Wer sind die Akteure im heutigen Kunstmarkt?

Im Moment steigen viele Spekulanten in den Markt ein, der natürlich auch von Liebhabern geprägt ist. "Die Wertanlage steht bei vielen Interessenten im Vordergrund", sagt Anne Moerchen, "vor ein paar Jahren wurde oft nur gekauft, was gefällt, heute wird öfters die Frage gestellt, ob der Künstler ein Investitionsobjekt ist."

Wie wirkt sich die wachsende Bedeutung von Chinesen aus?

Im vergangenen Jahr ist China zur größten Kunstsammlernation der Welt aufgestiegen, 33 Prozent des weltweiten Umsatzes werden hier getätigt. "Immer mehr meiner Kollegen fahren zur Kunstmesse nach Hongkong, weil dort einige sehr wohlhabende Investoren sitzen", sagt auch Thomas Levy von der gleichnamigen Galerie in Eppendorf.
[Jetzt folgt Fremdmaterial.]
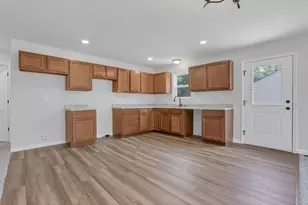 353 Elm St, New Straitsville, OH 43766 - Photo 12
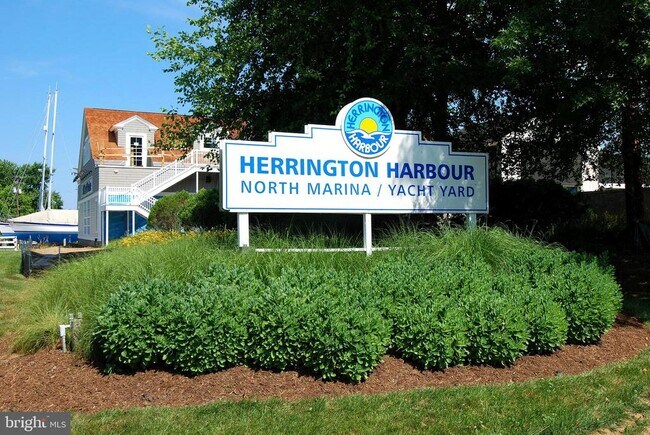 Building Photo - 6032 Melbourne Ave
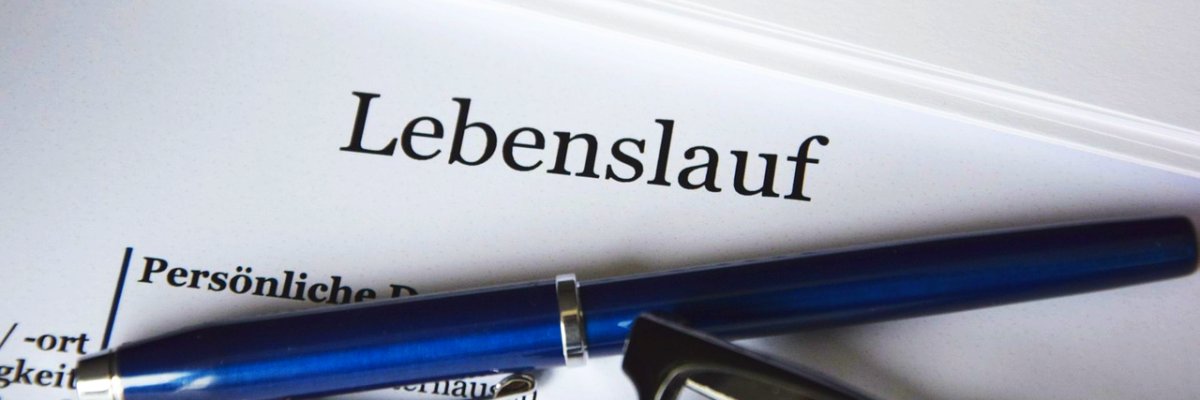 Hier sehen Sie einen Zettel auf dem Lebenslauf steht.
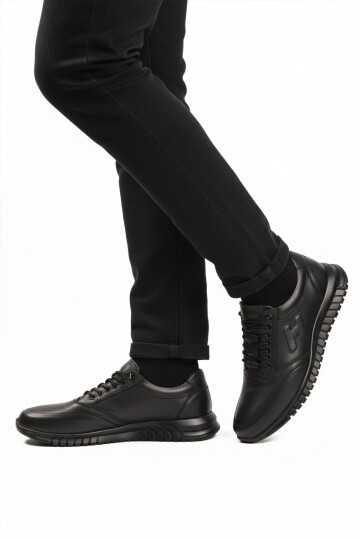 Siyah Hakiki Deri Bağcıklı Erkek Günlük Ayakkabı 315 M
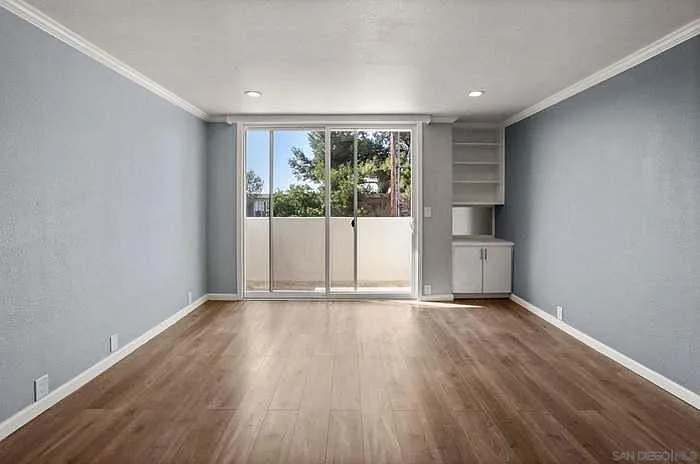 1907 Robinson Ave #108 — Photo 8
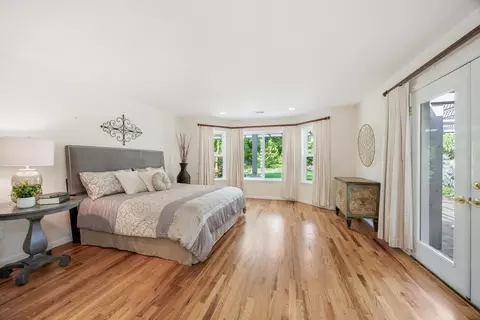 Bedroom - 124 Walnut Pl, Phoenix, OR 97535 photo 1 of 7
Das Marktvolumen für schöne Künste betrug 2011 weltweit etwa elf Milliarden Dollar. Chinas Anteil daran stieg von 33 auf 39 Prozent. Auf Platz zwei folgten die Vereinigten Staaten mit 25 Prozent. Unter den 450 000 Künstlern, welche die Kunstbewerter Artprice beobachten, erzielten jetzt erstmals zwei chinesische Landschaftsmaler mit 507 und 445 Millionen Dollar für jeweils mehrere ihrer Bilder die höchsten Preise. Seit 1997 hatte bisher fast immer Picasso Rekorderlöse auf den Auktionen erzielt. Lediglich im Jahr 2007 war Andy Warhol erfolgreicher gewesen. 2011 belegte Warhol mit 325 Millionen Dollar Platz drei, Picasso erreichte mit 312 Millionen Dollar "nur" Position vier.

Gibt es Anlageformen wie Fonds, die in Kunst investieren?
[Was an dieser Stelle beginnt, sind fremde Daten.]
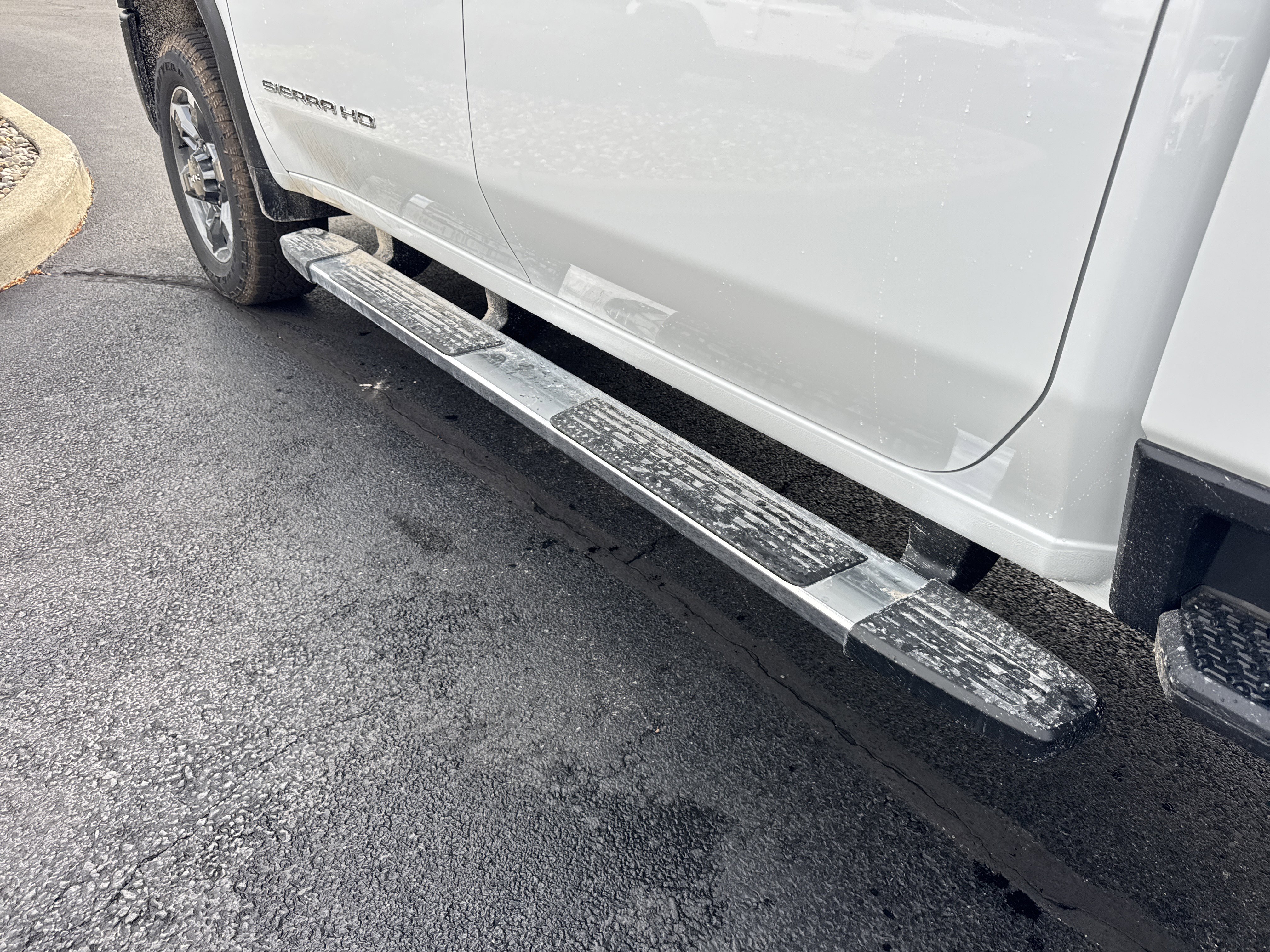 New 2026 GMC Sierra 2500 SLE w/ Preferred Package image 30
Es gibt Art Capital Fonds, die allerdings sehr selten sind, sagt Stefan Horsthemke von der Berenberg Bank. Mit einer professionellen Investmentstruktur und Kunstmarkt-Know-how sollen die Fonds die Passion des Kunstsammelns mit guter Rendite verbinden. Bisher haben einige dieser Fonds eine Rendite von rund acht Prozent nach Steuern und Gebühren erreicht. Im Herbst will die Berenberg Bank selber einen solchen Fonds anbieten.

Wie wirkt sich die Nachfrage auf die Galerien aus?
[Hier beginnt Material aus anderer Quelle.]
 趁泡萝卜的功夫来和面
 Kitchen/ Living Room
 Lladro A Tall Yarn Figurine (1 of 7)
Viele Galerien profitieren von der neuen Lust an Malerei, Fotografie und Grafik, hat eine Umfrage des Abendblatts ergeben. "Wir sind im Moment sehr zufrieden", sagt etwa Thomas Levy. Besonders die großen Namen seien gefragt. Etwas schleppender laufe der Verkauf von Bildern zu mittleren Preisen zwischen 10 000 bis 30 000 Euro. Erfolgreich sei er ebenfalls mit Werken bis zur 5000-Euro-Marke. "Dabei ist das Risiko ja gering", sagt Levy. Eine aktuelle Studie über den Berliner Kunstmarkt zeigt allerdings, dass dort offenbar viele Galerien einen Überlebenskampf führen. Von 400 Galerien der Hauptstadt erzielt die Hälfte einen Umsatz unter 50 000 Euro, bei einem Drittel liegt der Wert sogar unter 17 500 Euro. Lediglich 60 Galerien erreichen Erlöse von mehr als einer halben Million Euro.